Which is pretty much exactly the opposite of the life lesson he gave Simon Austin three weeks ago but hey, times change, things change, and Massimo – as we know well by now – changes.

Over here on the sidelines where we have only a fraction of the information, despite the importance of our club to us, we’re reduced to watching for the changes and their outcomes, because no matter how closely we watch and analyse and predict, we’ll never arrive ahead of an individual as volatile as Massimo Cellino or a corporation as enormous as Genting because we have no way of knowing where they’re going.
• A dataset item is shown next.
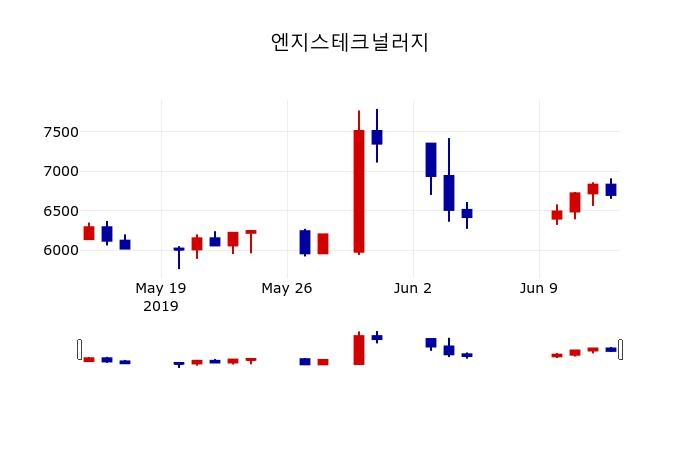 ▲지난 30영업일 동안 엔지스테크널러지 주가변동정보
That surface calm, the apparent serenity, the continued good work of Redders and the youngsters; then the boardroom resignations, the statements from Kuala Lumpur and Miami. We can say which we prefer, but we can’t which is true, and we can’t actually say what each one really means. We can’t guarantee that Leeds United will beat Blackburn Rovers in the next game, because that’s football; we can’t guarantee who will own the club in three months, because that’s football now, too. I guess we just enjoy the sun on our faces and the breeze on our backs, for now.

There was one other nice detail in the reporting of Genting’s denial this week. Bernama, the Malaysian National News Agency, carried the statement on its newswire.

“Leeds United is currently positioned at 13th place in the English Championship table with 14 wins, 10 draws and 15 losses, after playing 39 games so far,” it added, to give readers some context. There was one more concluding sentence: “The club was established in 1919 following the disbanding of Leeds City Football Club.”

Well, yes. That’s all true. But I can spot one or two gaps in that story.